--- Exercise data ---
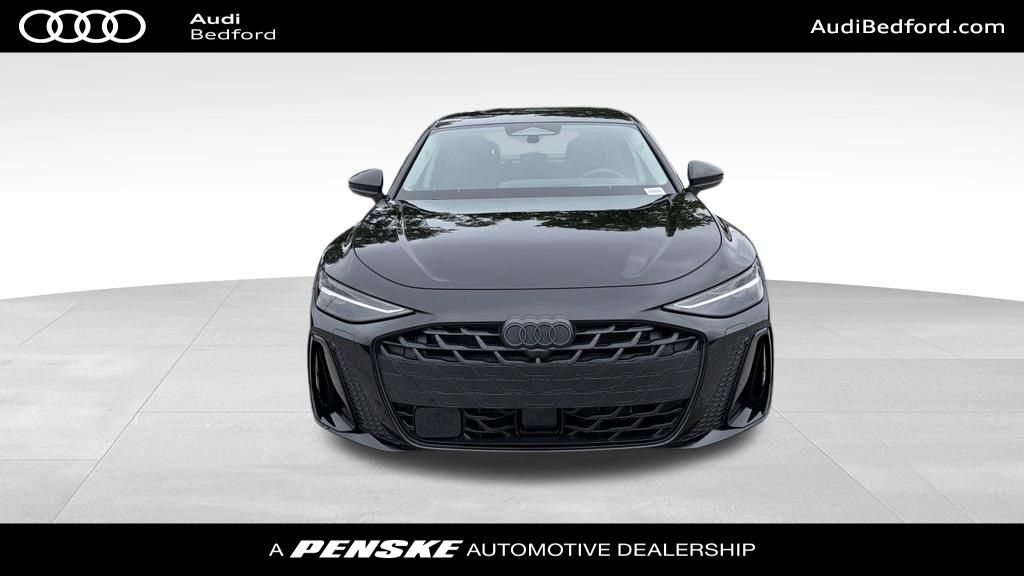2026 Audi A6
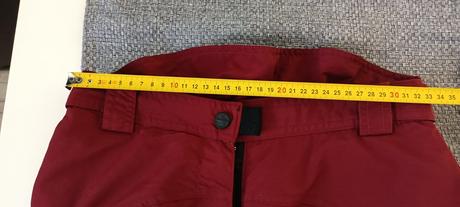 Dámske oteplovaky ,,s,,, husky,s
---
--- Exercise data ---
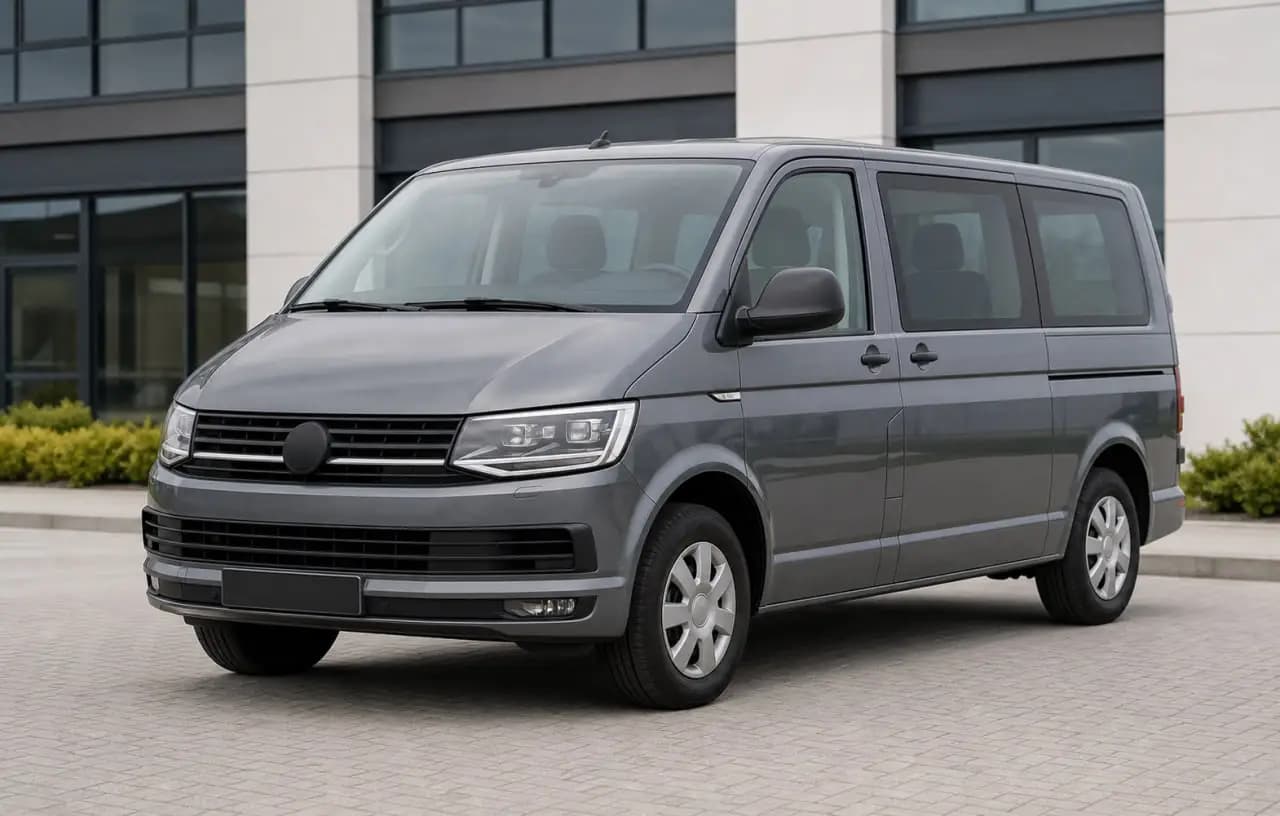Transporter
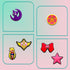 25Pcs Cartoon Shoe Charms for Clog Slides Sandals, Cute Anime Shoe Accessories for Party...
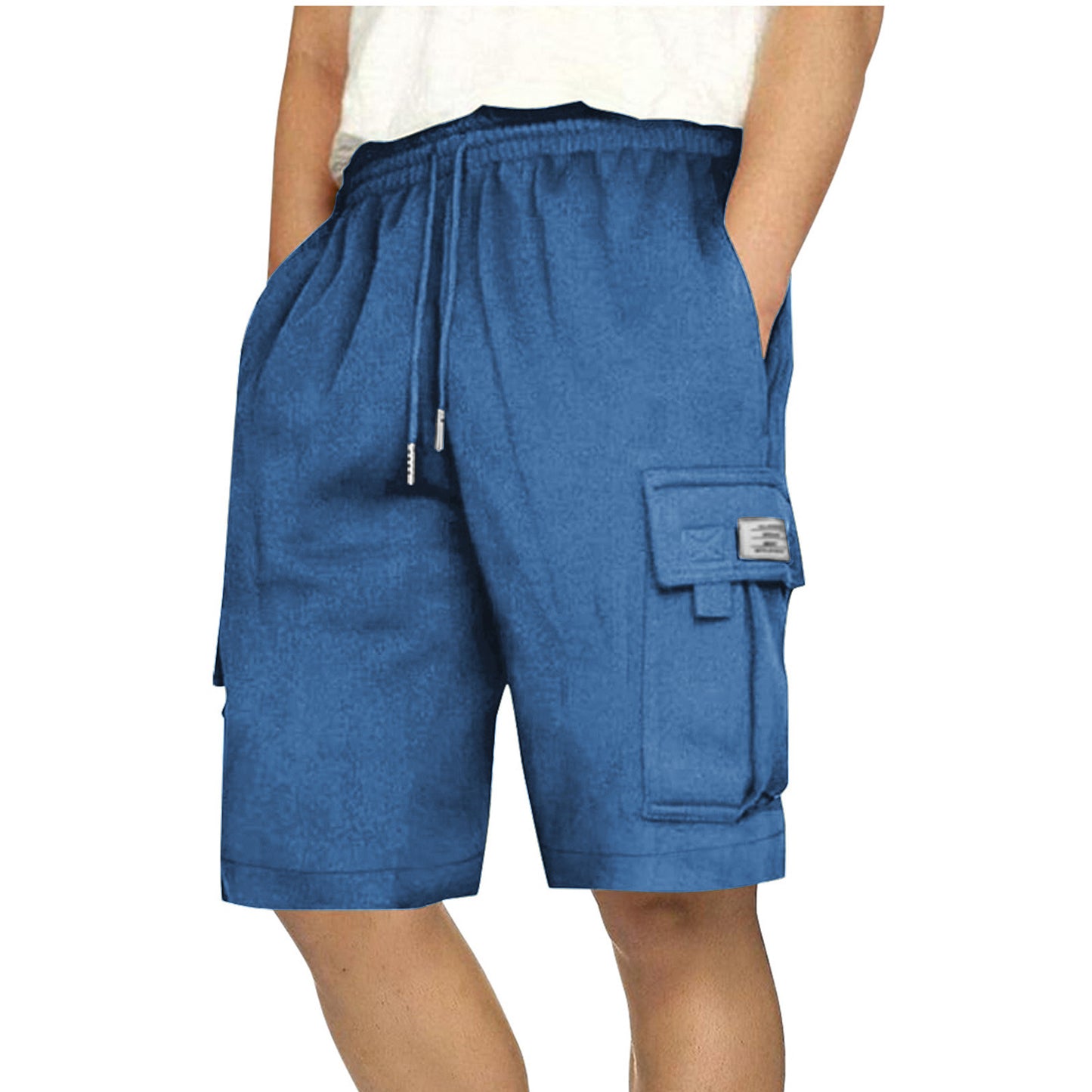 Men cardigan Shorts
---
--- Exercise data ---
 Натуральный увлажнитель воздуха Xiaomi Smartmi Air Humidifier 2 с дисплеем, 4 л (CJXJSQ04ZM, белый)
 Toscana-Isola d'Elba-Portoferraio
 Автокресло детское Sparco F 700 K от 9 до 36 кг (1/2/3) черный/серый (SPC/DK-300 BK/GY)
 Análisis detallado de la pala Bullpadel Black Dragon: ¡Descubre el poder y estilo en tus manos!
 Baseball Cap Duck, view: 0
---
■ **Instructions for the task**: Take the material above from the line bearing "25Pcs Cartoon Shoe" through the line bearing "Men cardigan Shorts" and write it out exactly, both end lines included. Pictures stay out.

■ **Task answer**:
 25Pcs Cartoon Shoe Charms for Clog Slides Sandals, Cute Anime Shoe Accessories for Party...
 Men cardigan Shorts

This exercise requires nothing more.